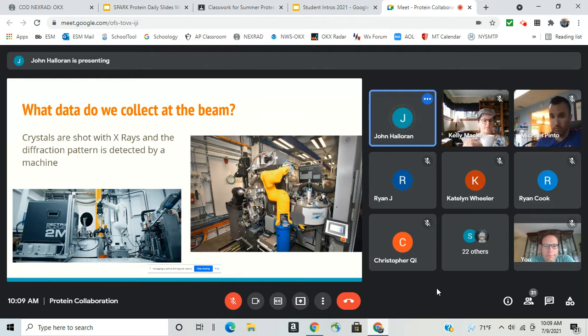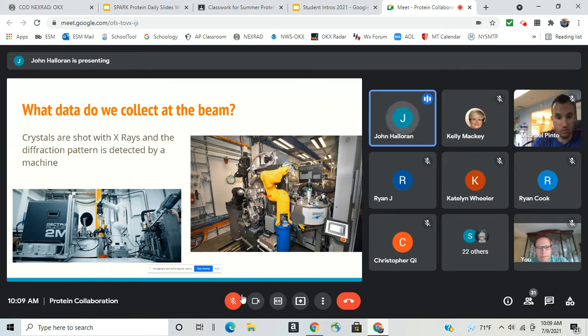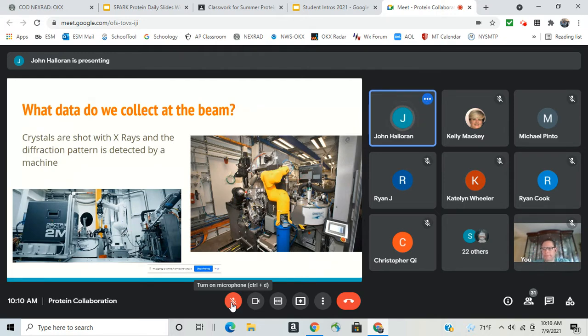Just to review and catch everyone up — what data do we actually collect at the beam? On the right here is the actual setup. The yellow 'Big Bird' robot is at AMX or FMX. Over here is where we mount the crystal, this is the cryo where the crystals are held, and back here is the actual detector.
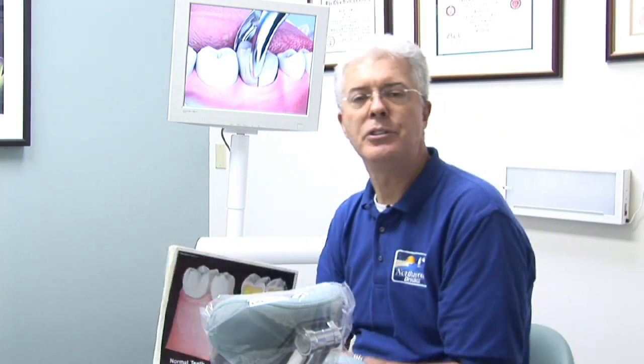So that's oral surgery for a tooth extraction. I'm Dr. David Wagner, Northwood Dental, Clearwater, Florida. Thank you.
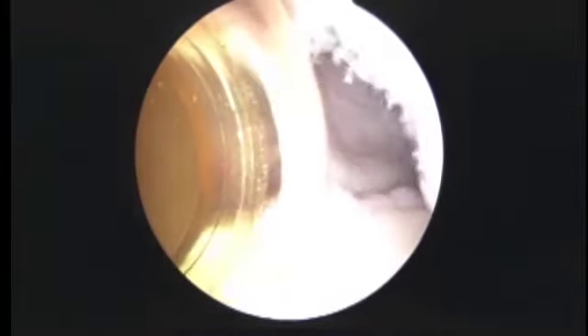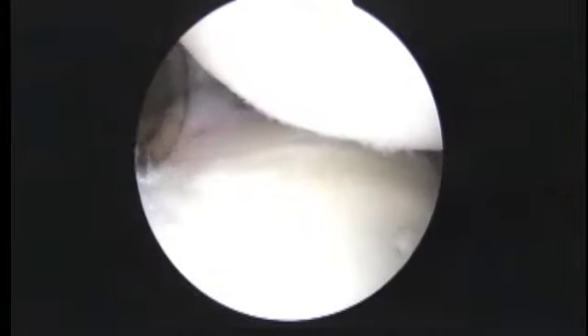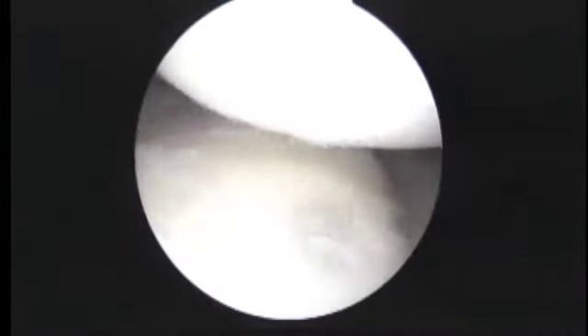We've passed all the sutures from that anchor in the back of the humeral head. When we pull tight on these, you can see how it's going to bring that head back nicely — just like that. It reduces it. We're not going to tie those now; we're going to tie them at the end. The next step is to go ahead and get to work in the front of the shoulder.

=== Exercise instructions ===
Would you mind transcribing the material exactly, without the pictures?

=== Response to the task ===
Just to review and catch everyone up — what data do we actually collect at the beam? On the right here is the actual setup. The yellow 'Big Bird' robot is at AMX or FMX. Over here is where we mount the crystal, this is the cryo where the crystals are held, and back here is the actual detector.
So that's oral surgery for a tooth extraction. I'm Dr. David Wagner, Northwood Dental, Clearwater, Florida. Thank you.
We've passed all the sutures from that anchor in the back of the humeral head. When we pull tight on these, you can see how it's going to bring that head back nicely — just like that. It reduces it. We're not going to tie those now; we're going to tie them at the end. The next step is to go ahead and get to work in the front of the shoulder.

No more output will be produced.